**YOUR GOAL**
A word-for-word copy of the data is what's wanted, with no pictures.

**DATA SUPPLIED**
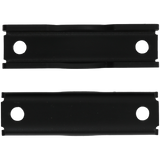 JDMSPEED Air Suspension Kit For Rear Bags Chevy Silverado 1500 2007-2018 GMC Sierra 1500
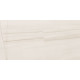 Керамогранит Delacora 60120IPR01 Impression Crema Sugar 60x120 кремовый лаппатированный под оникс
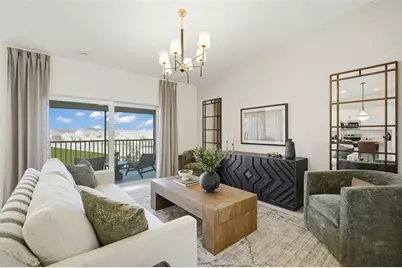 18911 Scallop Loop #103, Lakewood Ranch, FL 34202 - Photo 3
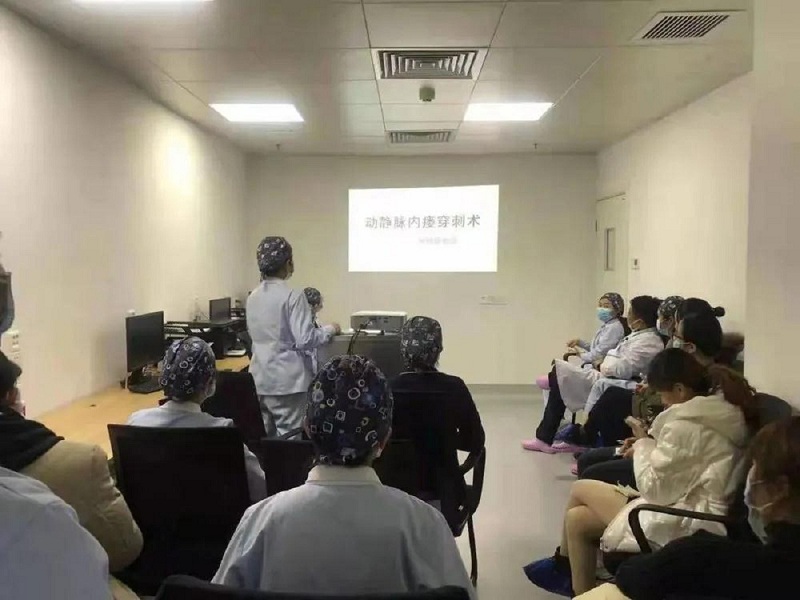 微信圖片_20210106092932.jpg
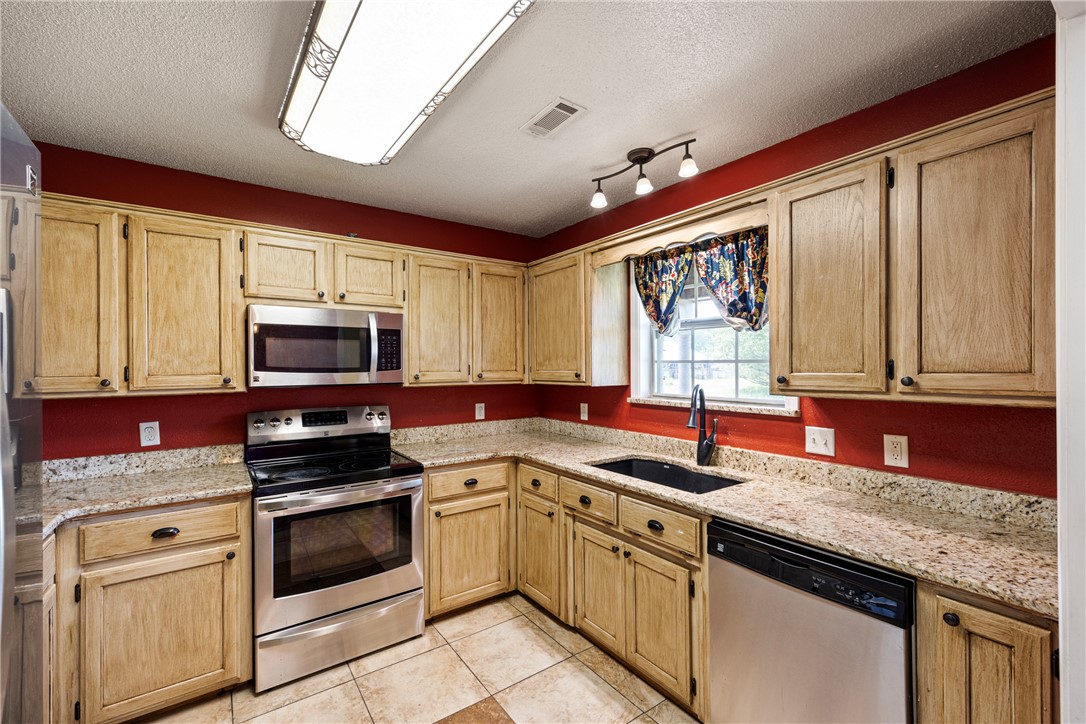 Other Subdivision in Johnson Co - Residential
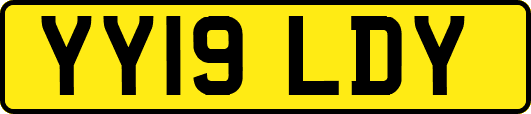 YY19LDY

**REPLY**
 JDMSPEED Air Suspension Kit For Rear Bags Chevy Silverado 1500 2007-2018 GMC Sierra 1500
 Керамогранит Delacora 60120IPR01 Impression Crema Sugar 60x120 кремовый лаппатированный под оникс
 18911 Scallop Loop #103, Lakewood Ranch, FL 34202 - Photo 3
 微信圖片_20210106092932.jpg
 Other Subdivision in Johnson Co - Residential
 YY19LDY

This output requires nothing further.